The only interests these parliamentarians are serving in reality are those of the military industrial complex, and the global corporations who profit from Western imperialism.  

But this is rarely examined by corporate media hacks. Instead, they willingly engage in a campaign of disinformation that suits the interests of the ruling elites.  
A group of EU remainiac MPs refuse to believe that the British people willingly voted to leave the European Union.  

Instead, they are insisting that it was all Russia’s fault. These jokers are so obsessed with this fanciful notion that they are taking the government to court for not launching an inquiry.  

They are incapable of acknowledging that people rejected the EU’s neoliberal project and want something better. Something that serves the interests of the people instead of the elites. 

That was the political programme of the Labour Party under Jeremy Corbyn’s leadership and it precipitated the very British coup that deposed him, in which those same parliamentarians participated.  

The fourth estate, and the deep state, were deployed to crush the Corbyn project.

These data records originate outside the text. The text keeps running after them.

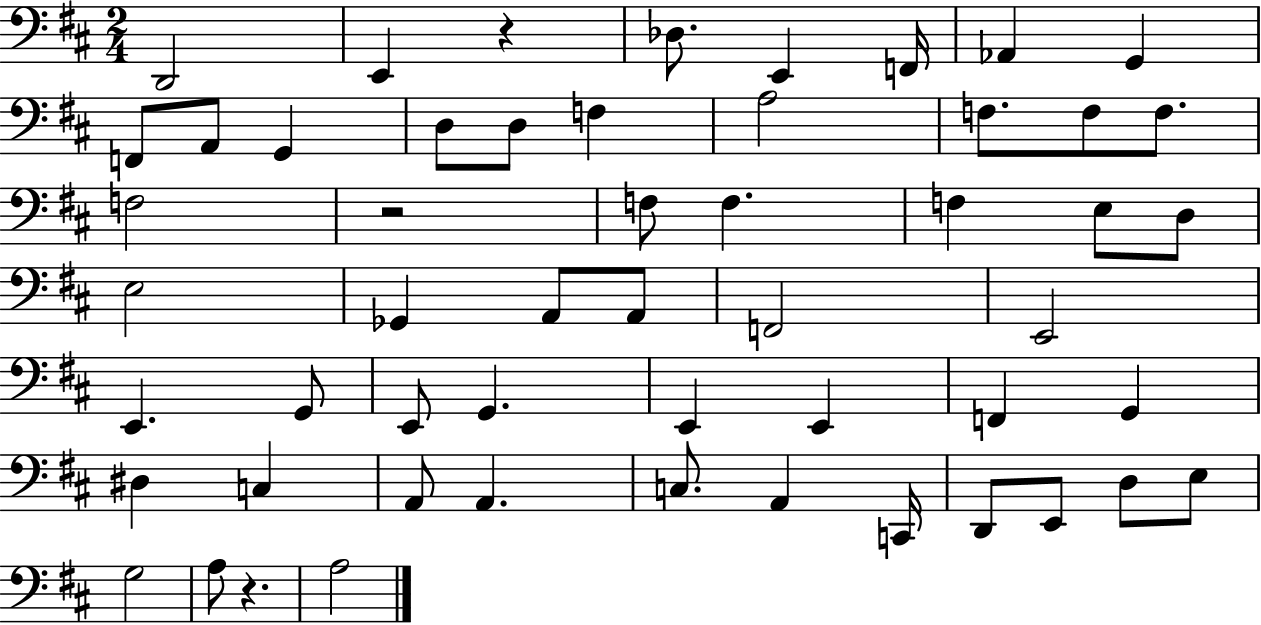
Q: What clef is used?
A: bass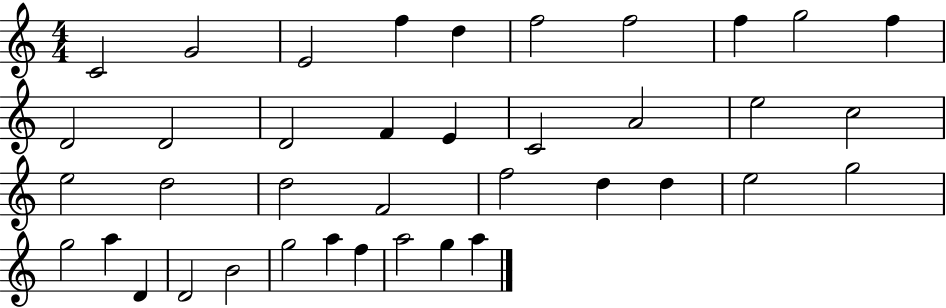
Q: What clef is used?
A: treble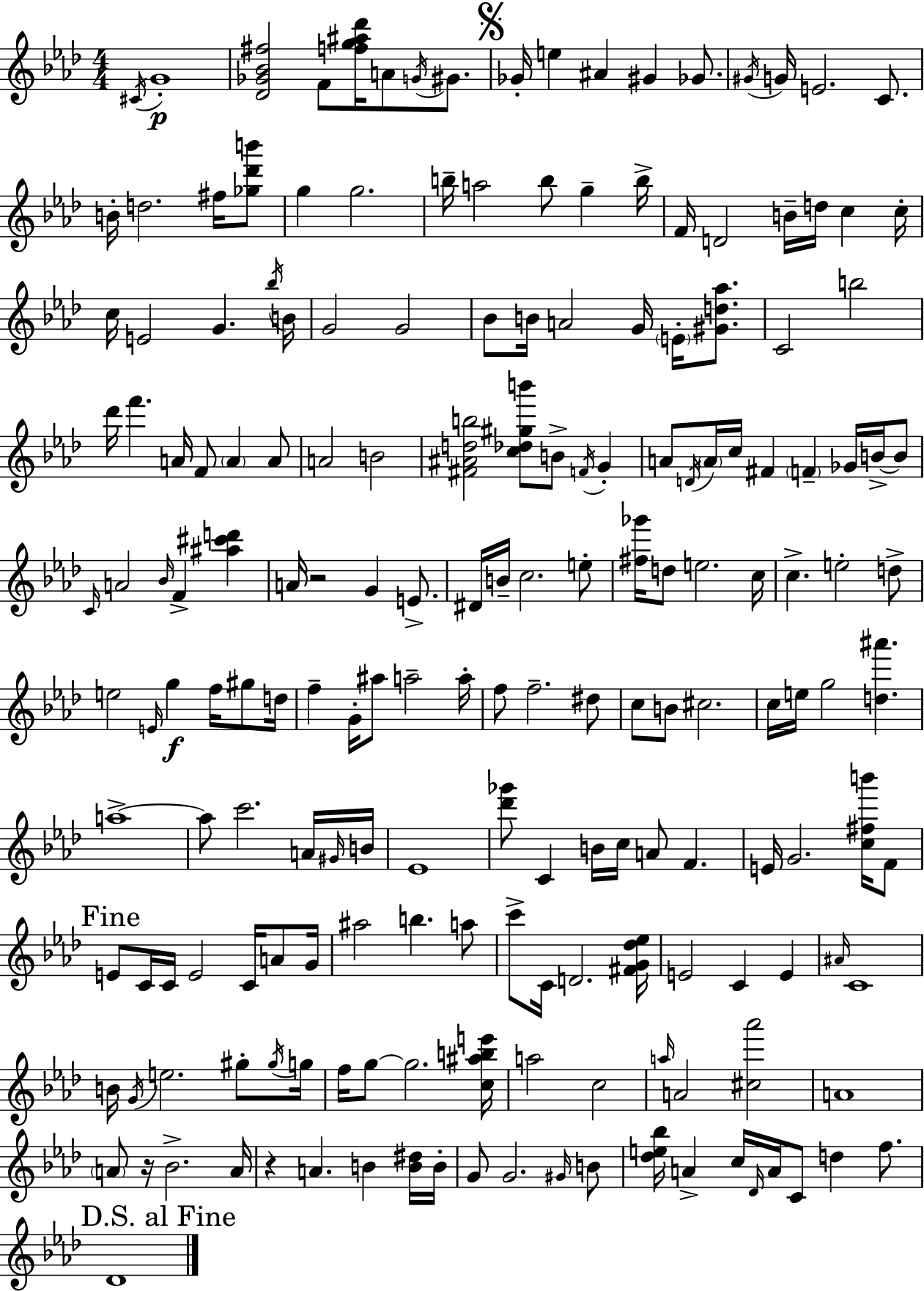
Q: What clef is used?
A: treble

A project that defied the neoliberal consensus and prioritised peace and disarmament over war and arms sales — in short, a project that challenged the imperialist status quo, and that was unconscionable to the powerful vested interests behind the coup.
It was a status quo where Reuters and the BBC were engaged in covert activities in Russia.  

They were colluding with the FCO’s programme to undermine Russia across eastern Europe and central Asia, as well as promoting Russian regime change too.  

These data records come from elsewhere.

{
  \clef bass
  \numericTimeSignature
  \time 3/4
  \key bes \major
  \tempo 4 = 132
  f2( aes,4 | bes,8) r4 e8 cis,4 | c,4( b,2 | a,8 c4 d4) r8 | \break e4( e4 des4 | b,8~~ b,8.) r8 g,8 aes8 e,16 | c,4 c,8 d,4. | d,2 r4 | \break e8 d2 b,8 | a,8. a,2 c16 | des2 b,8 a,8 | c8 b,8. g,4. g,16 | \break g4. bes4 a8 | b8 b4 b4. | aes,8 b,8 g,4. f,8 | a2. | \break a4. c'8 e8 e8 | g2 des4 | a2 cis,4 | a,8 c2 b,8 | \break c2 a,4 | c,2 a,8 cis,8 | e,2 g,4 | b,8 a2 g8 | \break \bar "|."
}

The plot was disclosed in a series of documents that were leaked earlier this year.  

Max Blumenthal broke the story in the Grayzone, and investigative journalist Kit Klarenberg also covered the scandal.  

They revealed that the Reuters Foundation, and BBC Media Action, were engaged in a covert information warfare campaign.
These supposedly impartial media giants were working alongside intelligence contractors known as “the Consortium.”

The project was overseen by a mysterious FCO department called Counter Disinformation and Media Development.  

It ran a series of training programmes for Russian journalists to produce an “attitudinal change in the participants.”
I had raised the FCO’s shady shenanigans in the House of Commons through a series of oral and written questions.  

I was particularly interested to find out more about why the government was bankrolling the Integrity Initiative, which has received millions of pounds in public money. 

This supposed charity was established by the Institute for Statecraft to counter Russian disinformation.  

But I was stonewalled at every turn by ministers citing national security for their reticence. 
My persistence seemed to upset the Foreign Office Minister, Alan Duncan.  

He referred to me in his recently published diaries, when he wrote the following revealing passage: “It’s all being pushed by the odious Chris Williamson, the hard-left Labour MP who’s probably the most hated man in Parliament.”  

What an accolade! Given the calibre of our present parliamentarians, I would be more concerned if he had said I was the most liked man in Parliament.
Which brings me back to the question I posed at the beginning — whose interests does British foreign policy serve?  

If more of us started asking that question, policy-makers would find it impossible to justify the existing status quo.  

Chris Williamson was MP for Derby North from 2010-15 and 2017-19.